You could represent a card as a tuple whose first element is a rank and second element is a suit. A deck of cards would be a collection of such tuples. The deck should act like the real thing, so it makes sense to define a generator that yields cards one at a time and becomes exhausted once all the cards are dealt.

In [50]:
def cards():
    """Return a generator that yields playing cards."""
    for rank in ranks:
        for suit in suits:
            yield rank, suit

In [51]:
# implementing same in itertools
cards = it.product(ranks, suits)

In [52]:
import random

def shuffle(deck):
    """Return iterator over shuffle deck."""
    deck = list(deck)
    random.shuffle(deck)
    return iter(tuple(deck))

cards = shuffle(cards)

In [53]:
def cut(deck, n):
    """Return an iterator over a deck of cards cut an index 'n'"""
    if n < 0:
        raise ValueError('`n` nust be a non-negative intefer')
    
    deck = list(deck)
    return iter(deck[n:] + deck[:n])

cards = cut(cards, 26)

The cut() function is pretty simple, but it suffers from a couple of problems. When you slice a list, you make a copy of the original list and return a new list with the selected elements. With a deck of only 52 cards, this increase in space complexity is trivial, but you could reduce the memory overhead using itertools. To do this, you’ll need three functions: itertools.tee(), itertools.islice(), and itertools.chain().

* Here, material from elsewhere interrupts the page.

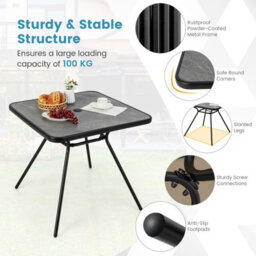 Costway Outdoor Dining Table Patio Bistro Table W/ 42mm Umbrella Hole For 4 Persons - thumbnail 9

Let’s take a look at how those functions work.

The tee() function can be used to create any number of independent iterators from a single iterable. It takes two arguments: the first is an iterable inputs, and the second is the number n of independent iterators over inputs to return (by default, n is set to 2). The iterators are returned in a tuple of length n.